Blog

What Does Google Speech Recognition API Mean For The Industry

Posted by Chris Kikel

Comments Off

Google Voice Recognition API

In March 2016, Google announced that they were making their voice recognition technology accessible to third party software developers. Developers will be able to provide speech support access in their applications to Google’s speech-to-text technology through a set of cloud-based interfaces. We must ask, what does the Google speech recognition API mean for the industry?

Key Technology Differences

Google’s API is implemented as cloud-based technology. The biggest objections stem from requiring that the translation source be connected to the web. This has the potential to introduce processing latency. Additionally, it increases some loss of privacy and vulnerability to unauthorized access of data that must reside on web-based servers.
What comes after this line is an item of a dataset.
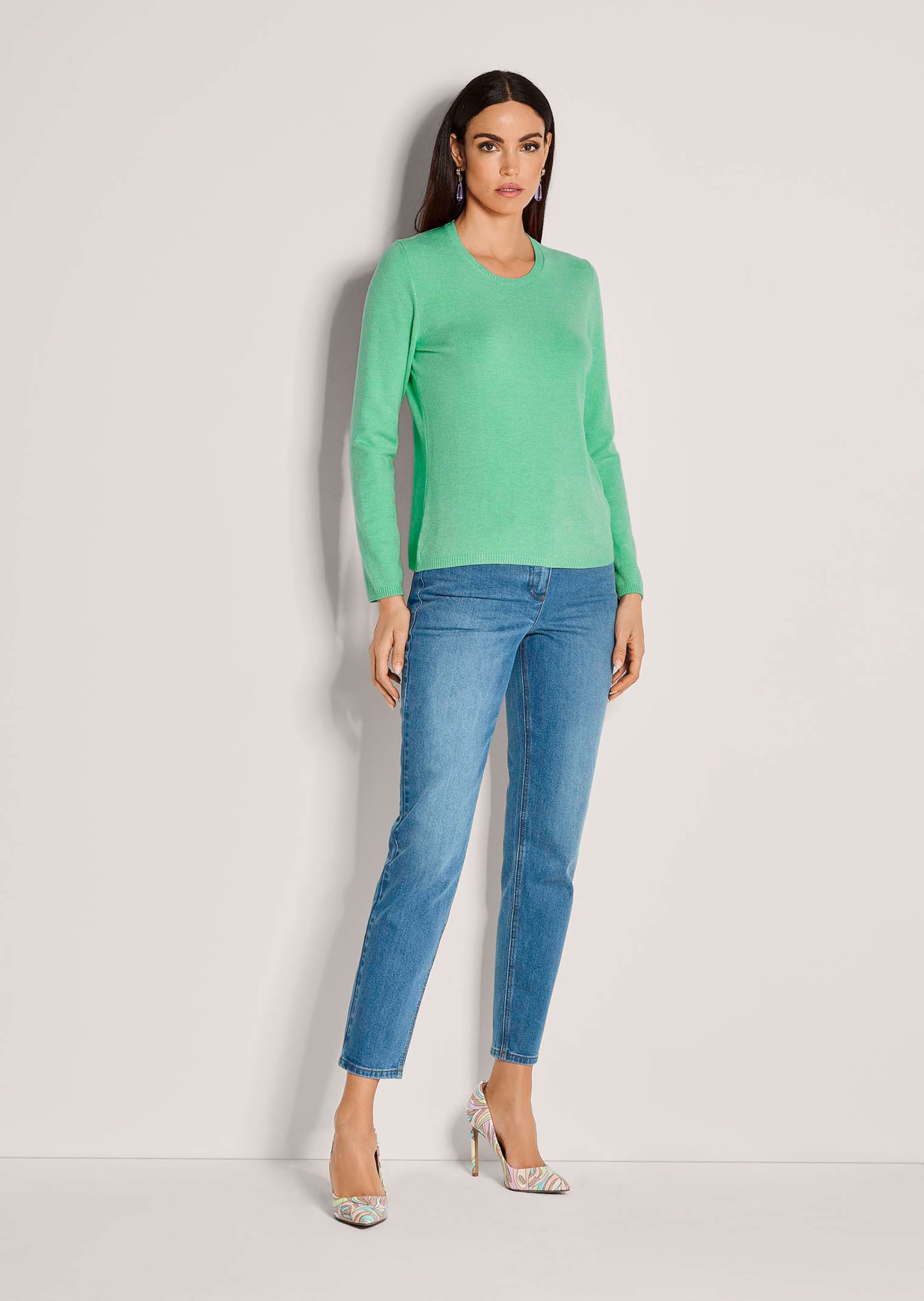 Feinstrick-Pullover mit Rundhalsausschnitt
By far the Google API excels in many areas including:

Support for more than 80 languages
Superior performance in noisy situations
Real time translations
Machine learning algorithms that continuously improve recognition with use
Outperforms its competitors in speech recognition accuracy

Google vs Nuance

Nuance has been a recognized leader in voice recognition since the 1990’s. However, Google is well poised to dominate the market given the popularity of Google in general.

The thing about Nuance is that they have dedicated solutions. For example, Dragon Medical is designed specifically for healthcare professionals. There is a legal version for lawyers and a professional version for your serious business professionals. Additionally, Nuance boasts a slightly higher accuracy level at 99% accuracy compared to Google’s 92% accuracy rate.

Google vs Siri

Apple’s Siri is a voice recognition interface limited to iOS devices. Google can run across platforms including Mac computers and iOS smartphones and tablets.

Only recently has Apple begun to bring in software developers to add machine learning support for their speech recognition. Google has the advantage of their machine learning technology, which is implemented by extremely sophisticated neural networks.

Google also has a higher number of supported languages. Siri’s speech recognition accuracy rate is around 88% percent, just below Google’s 92% rate.

Google vs Microsoft Cortana

Microsoft’s Cortana is a speech recognition technology that ships with Windows operating systems. Cortana is also available as an API that Microsoft makes available to software developers. However, Cortana’s language support is the most limited of all the speech recognition API’s mentioned. Furthermore, support is only offered for 11 languages and 3 regions, significantly lower than the 80 languages supported by Google’s API.

Cortana API is supported on iOS and Android, though the speech recognition has been criticized for performance not on par with Google’s or their other competitors. This will be an impediment to Cortana’s acceptance and popularity.